- Church: Catholic Church
- See: Troas
- In office: 17 December 1925 – 14 November 1927
- Predecessor: Antonio Bassani
- Successor: Ambrogio Onorato Luddi
- Previous post: Bishop of Caltagirone (1898-1925)

Orders
- Ordination: 4 April 1874
- Consecration: 11 December 1898 by Michelangelo Celesia

Personal details
- Born: 23 October 1850 Bivona, Province of Girgenti [it], Kingdom of the Two Sicilies
- Died: 14 November 1927 (aged 77) Bivona, Province of Girgenti/Agrigento, Kingdom of Italy

= Damaso Pio De Bono =

Sicilian bishop in Italy (1850–1927)

Damaso Pio De Bono (Bivona 23 October 1850 – Bivona 14 November 1927) was the eighth bishop of Caltagirone in Italy.

==Biography==
Damaso studied in Bivona until middle school and in Palermo during high school. In 1869 he studied theology and entered the seminary of Agrigento. He was ordained a priest on April 4, 1874 in Palermo. Two years later (June 4, 1876), he was appointed archpriest of Bivona and lived there for the next 20 years. In 1897, he was appointed director of the College of Saints Augustine and Thomas of Agrigento and the rector of the local seminary. Pope Leo XIII appointed him bishop in August 1899 for the diocese of Caltagirone: he went to Rome to ask the Pope to lift the prohibition on Italian Catholics participating in national political life.

==Activity==

During his bishopric matures and is carried through the happy season of the Christian Social People's Party whose experience will arise which cooperate the priest Don Luigi Sturzo.

Certainly without De Bono, Sturzo wouldn't to be able to become a politician and statesman who was, much less couldn't to be continuing to remain in the ministry.
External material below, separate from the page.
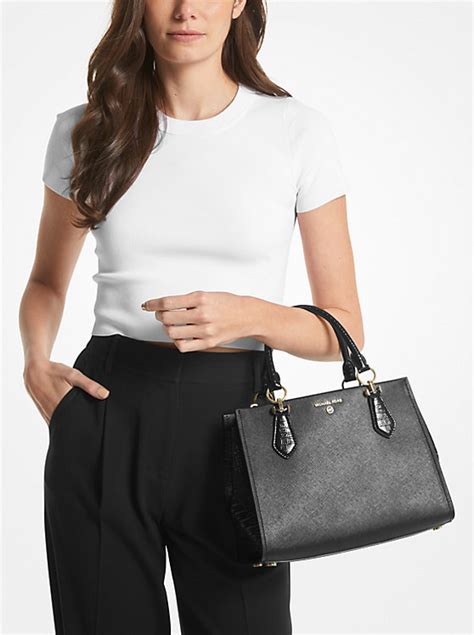 michael kors cleo medium saffiano leather satchel|Michael Kors marilyn medium saffiano.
De Bono and Sturzo together with Mariano Rampolla were placed in the area of innovative and were an expression of the new course that was born with Pope Leo XIII and his encyclical teachings Rerum Novarum.

They were all three the great personalities of Sicily. De Bono argues Sturzo order to become mayor of Caltagirone, continue to give birth to the People's Party and guide him as leader and secretary. The office the mayor Luigi Sturzo is considered today among the most important political events in the history of Italy. Its relevance was also a moral and ethical, because of the corruption present in the municipal administration of then stimulated also by the central government. The Catholic's movement reached extraordinary dimensions and appearances, not only in doctrine and in projects, especially in the concrete achievements. It was about Sturzo - and then De Bono - the policy has been removed from the ford of the Vatican because of NOT EXPEDIT, preventing Catholics from politics and be elected to the Parliament, had come to support the corrupt men and finally supported the corrupt men of Giolitti.
After the murder of Matteotti, Luigi Sturzo, as others opposers of Fascism, was forced first to resign as secretary of Italian Popular Party and then to abandon Italy. De Bono also suffers the same fate and April 2, 1925 was forced to resign as Bishop of Caltagirone, which were promptly accepted by the Vatican April 12, 1925 . City is therefore in his home where he died in 1927 and his remains rest in the new Mother Church, which he restored during the twenty years in which he was dean.